This is already the third post in our Google Search Console series. We’ve written about the Search Appearance section and the Search Traffic section of Google Search Console. So if you jumped in here, and want to start at the beginning, please read those posts first. Today we’ll be going into the Google Index section, which obviously gives you some insight into how your website is being indexed in Google.
On the 20th of May 2015, Google announced that the name Google Webmaster Tools did not cover the user base of the tool anymore. Only a part of the user base could indeed be called ‘webmaster’. For that reason, Google renamed the tool Google Search Console (GSC)
Other posts in this series
The Index Status shows you how many URLs of your website have been found and added to Google’s index:
This can give you a good idea of how your site is doing in the index. If you see this line dropping, for instance, you’d know there’s an issue. Basically any major and unexpected change to this graph should be something you look into.

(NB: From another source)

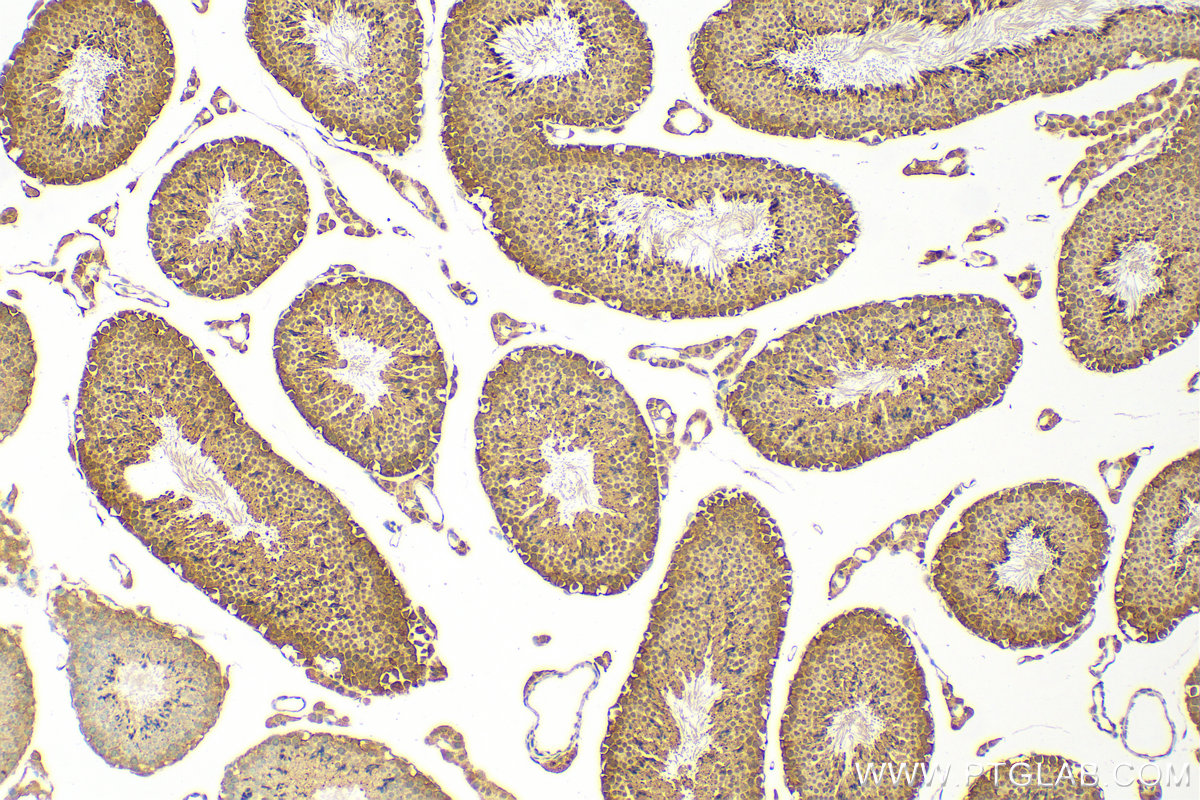 Immunohistochemistry (IHC) staining of mouse testis tissue using CDK2 Polyclonal antibody (10122-1-AP)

Actually, the “Advanced” tab gives you just a bit more insight into how all your indexed pages are divided:
As you can see, this shows you how many of your pages are being blocked by your robots.txt as well. And you can also see how many of your pages have been removed from the index, but more on that in the next chapter.
There’s something else this graph makes clear. As of March 9th of last year (at the “update” line) Google Search Console shows the data separately for both HTTP and HTTPS websites. This means that if you moved your site from HTTP to HTTPS since then, you’ll need to add your site again, using the red “Add a site” button. Then, fill in the entire URL, including the HTTP or HTTPS part:
Interpretation of the Index Status
There’s a few things you should always look for when checking out your Index Status:
- Your indexed pages should be a steadily increasing number. This tells you two things: Google can index your site and you keep your site ‘alive’ by adding content;
- Sudden drops in the graph. This means Google is having trouble accessing (all of) your website. Something is blocking Google out, whether it’s robots.txt changes or a server that’s down: you need to look into it! This could also have to do with the separate HTTP and HTTPS tracking I mentioned above;
- Sudden (and unexpected) spikes in the graph. This could be an issue with duplicate content (such as both www and non-www, wrong canonicals, etc.), automatically generated pages, or even hacks.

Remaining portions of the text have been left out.